◆ WORK INSTRUCTION
Write out exactly the lines below that run from the one containing "Cool Summer Slide Sandals" through the one containing "2014 KIA Carnival", both included, with no other lines.

[Data extracted from a collection]

----------

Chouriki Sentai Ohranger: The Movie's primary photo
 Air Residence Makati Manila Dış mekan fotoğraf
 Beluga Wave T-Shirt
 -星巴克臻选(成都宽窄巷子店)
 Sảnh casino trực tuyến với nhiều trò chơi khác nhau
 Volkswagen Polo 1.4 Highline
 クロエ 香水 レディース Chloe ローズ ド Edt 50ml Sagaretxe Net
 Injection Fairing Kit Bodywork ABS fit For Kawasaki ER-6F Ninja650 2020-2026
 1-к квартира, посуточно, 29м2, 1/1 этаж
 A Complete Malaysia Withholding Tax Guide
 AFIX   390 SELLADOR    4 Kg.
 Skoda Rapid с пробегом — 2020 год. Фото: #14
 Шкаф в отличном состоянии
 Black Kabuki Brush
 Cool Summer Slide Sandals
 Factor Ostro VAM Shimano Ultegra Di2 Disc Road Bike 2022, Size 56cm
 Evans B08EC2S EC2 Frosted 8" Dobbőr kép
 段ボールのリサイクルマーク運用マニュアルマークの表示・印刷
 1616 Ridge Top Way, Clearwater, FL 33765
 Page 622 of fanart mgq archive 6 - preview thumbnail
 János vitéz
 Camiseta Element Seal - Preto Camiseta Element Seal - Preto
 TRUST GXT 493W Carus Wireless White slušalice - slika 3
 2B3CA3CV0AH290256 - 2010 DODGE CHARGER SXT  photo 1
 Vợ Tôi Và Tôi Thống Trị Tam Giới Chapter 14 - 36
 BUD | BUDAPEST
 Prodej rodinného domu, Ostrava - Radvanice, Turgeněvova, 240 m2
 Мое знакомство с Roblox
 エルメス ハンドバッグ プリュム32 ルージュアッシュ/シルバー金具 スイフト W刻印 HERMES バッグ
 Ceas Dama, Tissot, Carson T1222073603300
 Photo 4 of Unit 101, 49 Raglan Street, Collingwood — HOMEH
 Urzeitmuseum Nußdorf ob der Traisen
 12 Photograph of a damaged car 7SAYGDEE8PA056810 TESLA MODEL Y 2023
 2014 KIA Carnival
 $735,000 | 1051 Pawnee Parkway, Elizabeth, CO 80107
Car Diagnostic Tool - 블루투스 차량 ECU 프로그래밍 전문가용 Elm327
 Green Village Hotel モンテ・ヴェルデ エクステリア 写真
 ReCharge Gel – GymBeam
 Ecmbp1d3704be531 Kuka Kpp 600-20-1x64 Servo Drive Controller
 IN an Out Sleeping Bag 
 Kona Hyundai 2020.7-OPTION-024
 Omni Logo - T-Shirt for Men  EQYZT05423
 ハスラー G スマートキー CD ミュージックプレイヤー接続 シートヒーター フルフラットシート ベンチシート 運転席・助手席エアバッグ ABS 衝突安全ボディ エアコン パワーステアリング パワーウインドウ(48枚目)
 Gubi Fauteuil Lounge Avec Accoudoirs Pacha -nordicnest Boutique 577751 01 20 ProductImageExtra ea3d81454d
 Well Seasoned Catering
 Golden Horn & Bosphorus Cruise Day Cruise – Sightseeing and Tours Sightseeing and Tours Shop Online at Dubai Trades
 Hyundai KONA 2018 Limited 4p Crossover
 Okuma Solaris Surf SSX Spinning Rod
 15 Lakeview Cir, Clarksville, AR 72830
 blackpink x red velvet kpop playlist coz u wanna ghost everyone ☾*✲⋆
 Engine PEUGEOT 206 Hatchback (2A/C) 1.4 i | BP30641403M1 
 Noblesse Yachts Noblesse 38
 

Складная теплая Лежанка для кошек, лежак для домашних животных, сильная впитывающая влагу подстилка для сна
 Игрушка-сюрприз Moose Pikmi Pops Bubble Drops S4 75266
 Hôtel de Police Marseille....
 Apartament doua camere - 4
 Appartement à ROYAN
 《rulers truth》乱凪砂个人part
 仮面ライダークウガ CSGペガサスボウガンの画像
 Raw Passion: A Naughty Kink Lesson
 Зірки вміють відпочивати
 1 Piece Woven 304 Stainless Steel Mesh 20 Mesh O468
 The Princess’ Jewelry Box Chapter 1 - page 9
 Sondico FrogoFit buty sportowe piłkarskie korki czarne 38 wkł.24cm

----------

◆ WRITTEN ANSWER
 Cool Summer Slide Sandals
 Factor Ostro VAM Shimano Ultegra Di2 Disc Road Bike 2022, Size 56cm
 Evans B08EC2S EC2 Frosted 8" Dobbőr kép
 段ボールのリサイクルマーク運用マニュアルマークの表示・印刷
 1616 Ridge Top Way, Clearwater, FL 33765
 Page 622 of fanart mgq archive 6 - preview thumbnail
 János vitéz
 Camiseta Element Seal - Preto Camiseta Element Seal - Preto
 TRUST GXT 493W Carus Wireless White slušalice - slika 3
 2B3CA3CV0AH290256 - 2010 DODGE CHARGER SXT  photo 1
 Vợ Tôi Và Tôi Thống Trị Tam Giới Chapter 14 - 36
 BUD | BUDAPEST
 Prodej rodinného domu, Ostrava - Radvanice, Turgeněvova, 240 m2
 Мое знакомство с Roblox
 エルメス ハンドバッグ プリュム32 ルージュアッシュ/シルバー金具 スイフト W刻印 HERMES バッグ
 Ceas Dama, Tissot, Carson T1222073603300
 Photo 4 of Unit 101, 49 Raglan Street, Collingwood — HOMEH
 Urzeitmuseum Nußdorf ob der Traisen
 12 Photograph of a damaged car 7SAYGDEE8PA056810 TESLA MODEL Y 2023
 2014 KIA Carnival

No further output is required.